Problem statement: Your answer must be only the lines below from the one containing "Toru Takemitsu's quote #3" through the one containing "Łopatka BAHCO 370mm Łopatka BAHCO 370mm", copied exactly, with the pictures left out.

Source data:
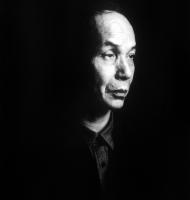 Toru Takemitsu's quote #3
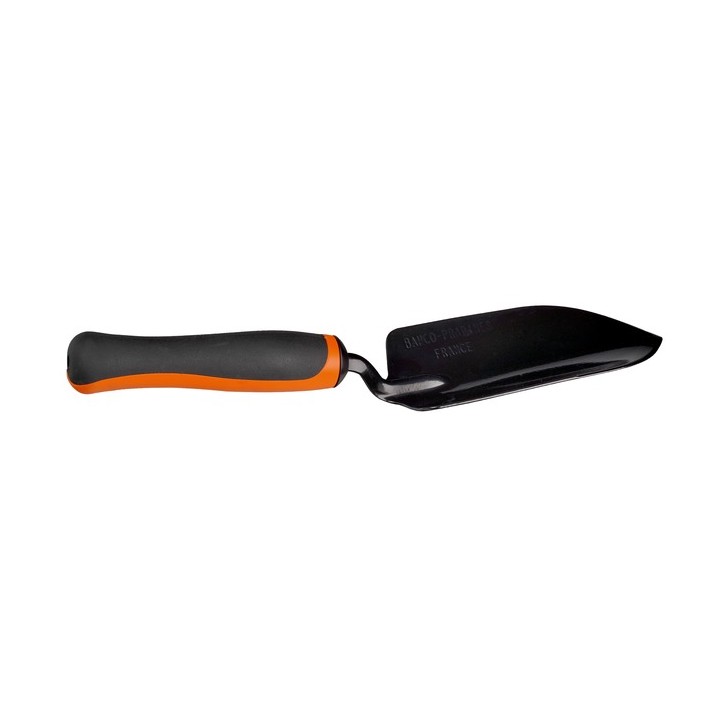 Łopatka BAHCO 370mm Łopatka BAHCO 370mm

...

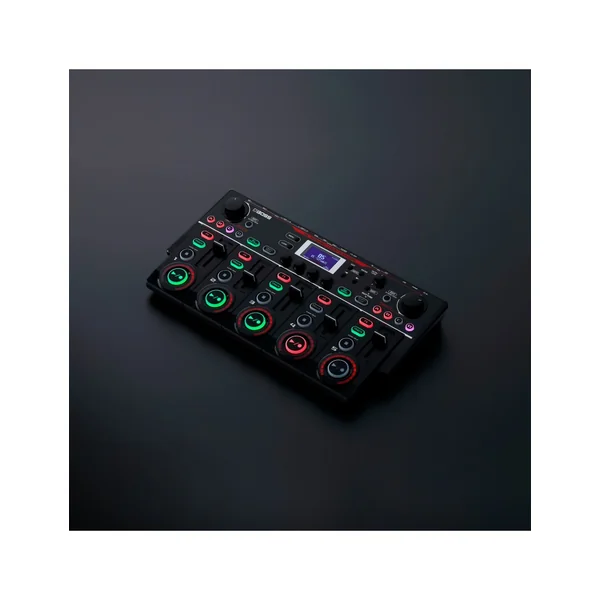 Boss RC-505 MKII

Result of the exercise:
 Toru Takemitsu's quote #3
 Łopatka BAHCO 370mm Łopatka BAHCO 370mm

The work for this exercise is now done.